More detailed statistical analysis suggests that the major reason for the differences is related to more complex patterns of interaction with other "cognitive" variables. For example, answers to question 7A-- "whether the cited article affected the way you did your experiments"-- are strongly correlated with responses to some of the options in question 9. Those who claimed that the cited article affected the way they performed their experiments were also likely to claim that the article served as a warrant or a critical agenda building device. Apparently, varying relations between papers and research practices underly the differences in scientists perception of why they cite a particular paper. Textual analysis alone is obviously not a good source of information about research practices and the significance of scientific articles in these practices.
The cited paper was rarely reported to affect the conduct of experiments. Only Sips's and Bernstein's papers were said to have affected experiments in a substantial number of cases (29% and 21%, respectively; higly significant). The cited papers were not believed to have had a great impact on the focus of the argument made in the citing paper: only 12.1% claimed that the paper led them to modify the arguments they wanted to make and only 1.9% believed that it changed the emphasis of their own papers. A more substantial number of the citing authors claimed that the paper they cited affected the interpretation of their own results (26.2%; not significantly different for the four groups). A large proportion of the respondents to this question (which aimed at distinguishing the influence of the cited papers on the construction of the discursive argument from their impact on the research process) checked the option "other", and many of them took the opportunity to comment. The comments did not, however, refer to the impact of the article on either research or interpretation (one respondent specifically said that the cited paper "had no effect on research or interpretation") but rather to its use in the citing paper. For example, many respondents referred to the fact that the article served as a support or confirmation of some point the author wanted to make, or that it reinforced his or her conclusions (comments read for example: "it substantiated our interpretation of the data," it was a "good confirmation of my supposition", "it supported a point" or it "confirmed our results"). A few respondents claimed that the cited article provided a context or a background for the paper using it ("it served as a reference for past work" or it "served to define the context in which our article should be viewed, " or "contributed material for review" or "reference for general discussion" or it was "used to identify a certain school of thought").

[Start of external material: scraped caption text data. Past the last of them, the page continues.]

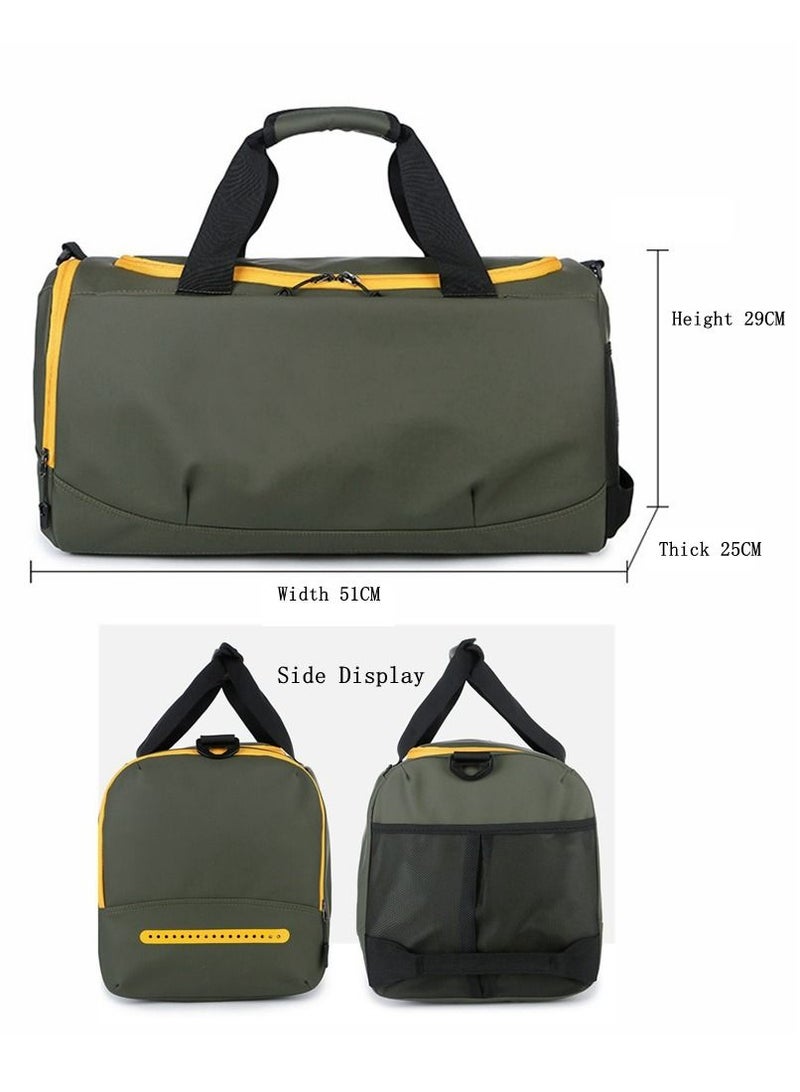 Cool Baby COOLBABY Men's And Women's Travel Duffle Bag Gym Bag With Shoe Compartment Gym Bag With Wet Towel Waterproof Pocket For Travel Outdoor Workout Overnight And Weekend - Image 5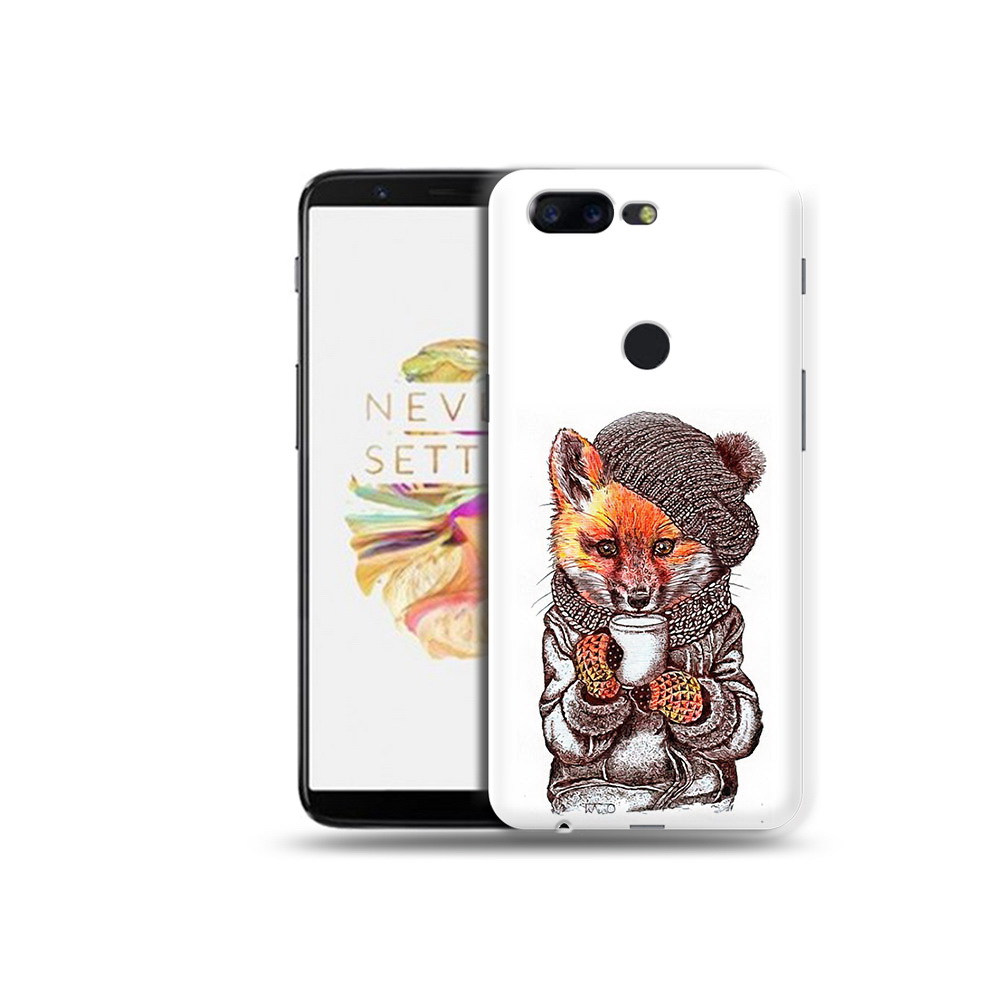 

Чехол MyPads Tocco для OnePlus 5T лиса в шапке, Tocco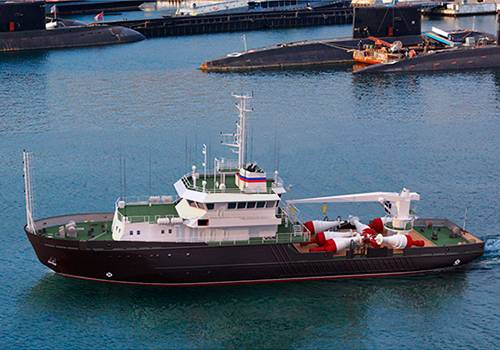 Два гидрографических судна заложат в мае для ВМФ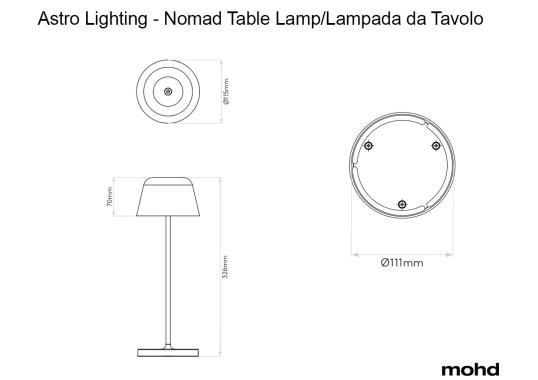 Настольная лампа модель Nomad Table Lamp от фабрики Astro Lighting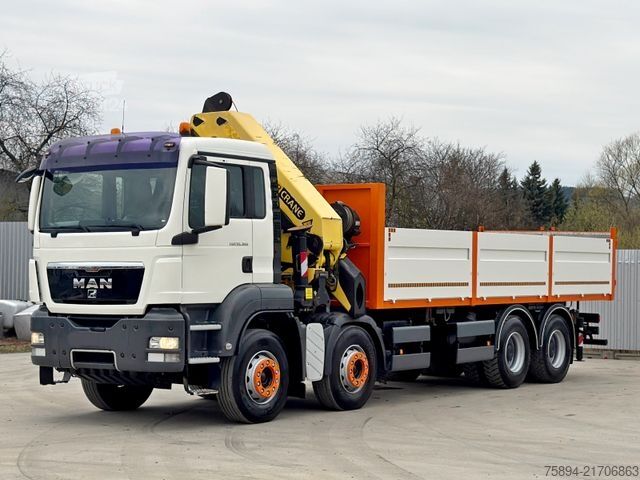 Kravas automašīnai uzstādīts celtnis MAN TGS 35.360*PRITSCHE 7,15m * PK 44002 / FUNK *8x4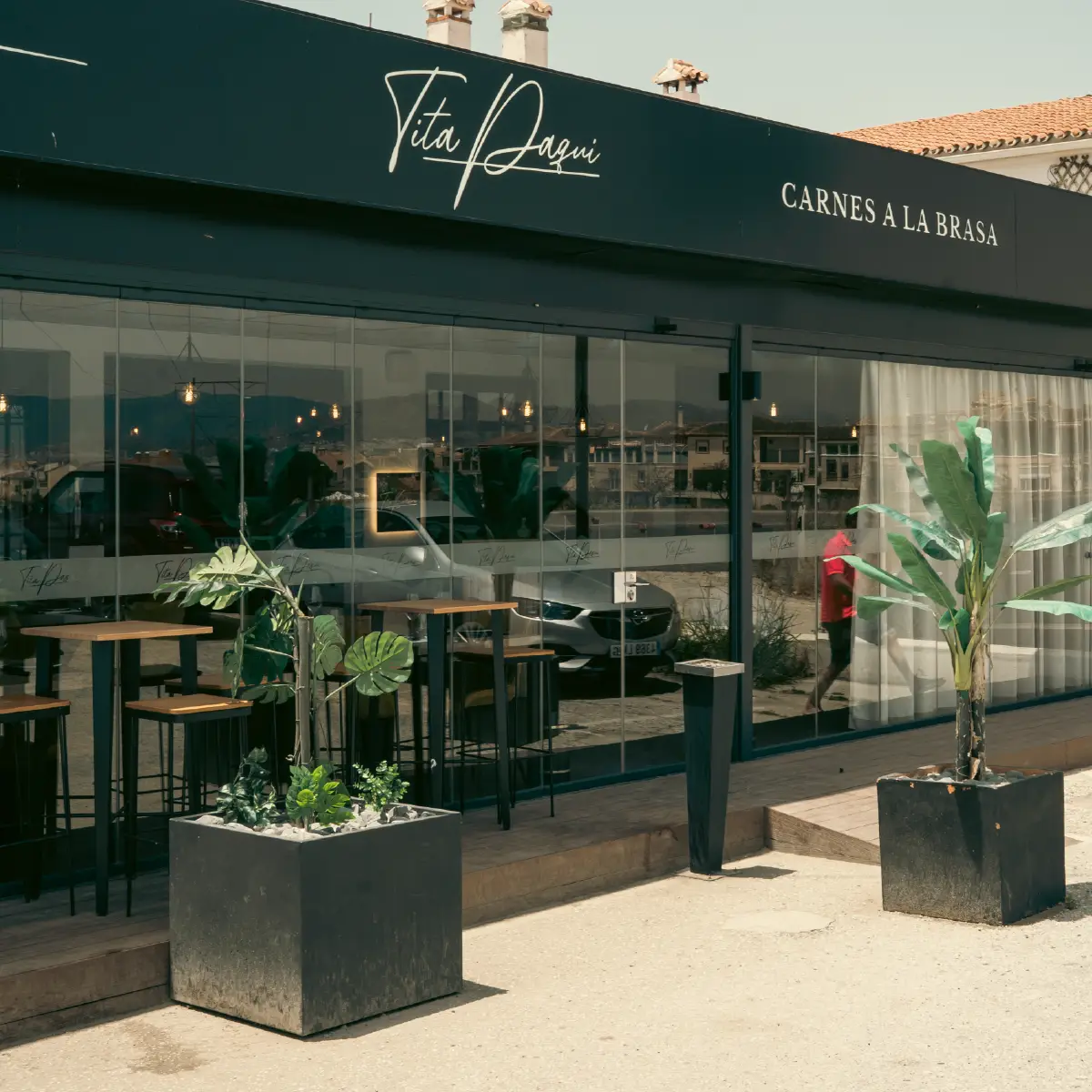 Fachada de Asador Tita Paqui en Malaga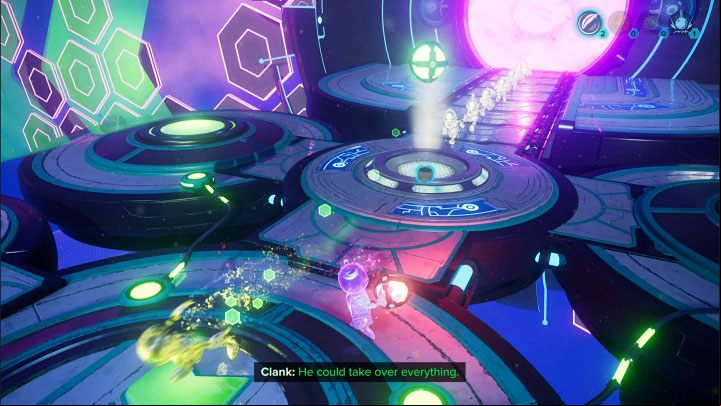 Along the way, take the first lift sphere from the bottom slot and the speed sphere from the starting area - Ratchet & Clank Rift Apart: Clank, Return to Savali - puzzle guide, list - Clank and Kit Riddles - Ratchet & Clank Rift Apart Guide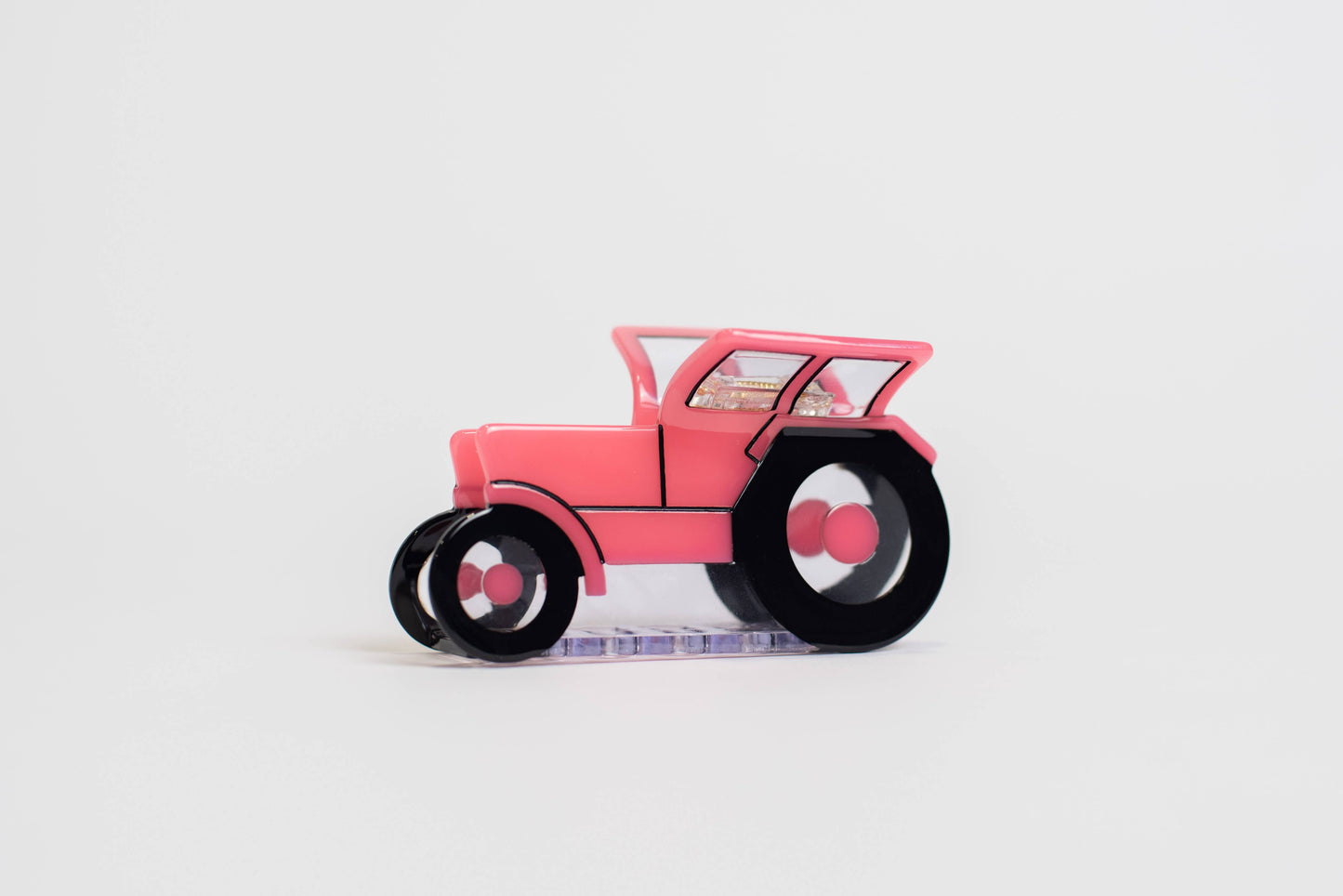 Pink Tractor Hair Claw Clip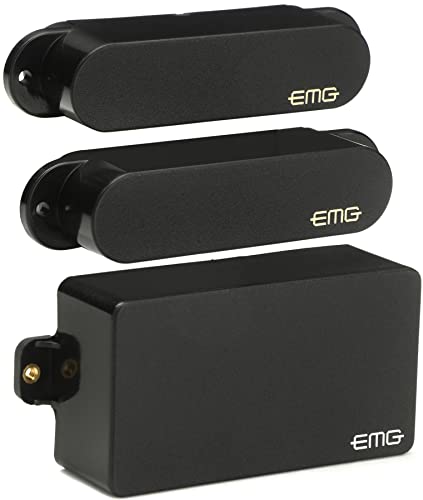 Emg مجموعة بيك أب جيتار نشط EMG SA/SA/81، أسود - Image 4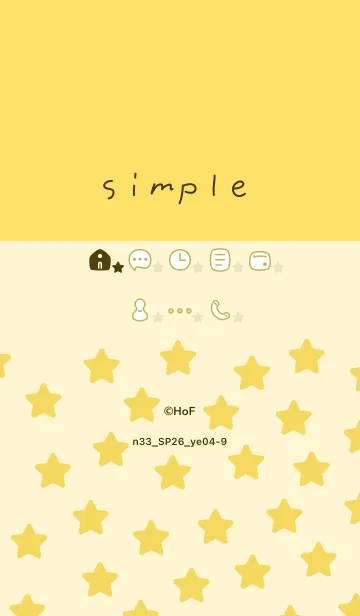 [LINE着せ替え] n33_26_イエロー4-9の画像1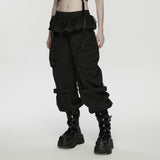 Punk Cuffed Pants For Women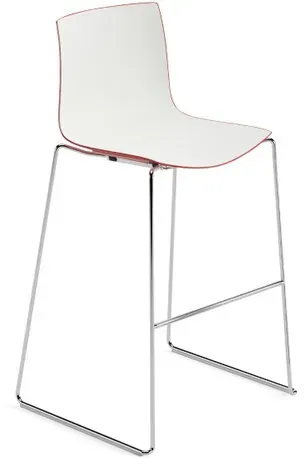 Arper Barhocker Catifa 46 zweifarbig Kufengestell Chrom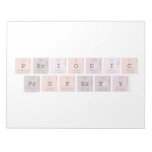 Periodic
 property  Notepads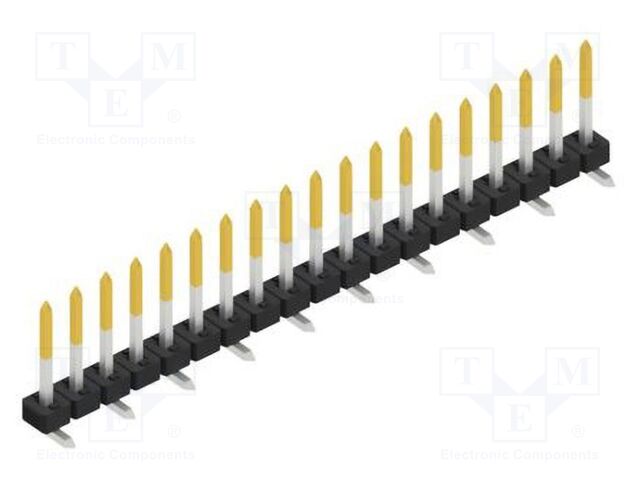 Connector: pin strips; pin header; male; PIN: 19; 2mm; SMT; 1x19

The absence of a direct impact of the cited papers on the research process-- as asked in question 7A-- in two of the four cases coincides with a low replication rate reported by our respondents, in answer to question 10. Only 10 of our respondents have attempted a replication of any of the experiments reported in the papers we studied (1 for Westerhoff, 2 for Scholte, 3 for Sips and 4 (i.e., 67%) for Bernstein). Moreover, by far not all the attempts at replication were successful: all of those who attempted to replicate Bernstein's experiments did succeed, while in the other cases there were some who failed or were not sure whether the replication was a success or not.
1.Despite the fact that our own textual analysis did not agree with the reasons for citing provided by our respondents, both types of analysis demonstrated that the perception of the significance of the four papers and their textual uses in argumentation were distinct and directly related to the manner in which the claims made in the original paper were given significance by being integrated into specific evidential contexts.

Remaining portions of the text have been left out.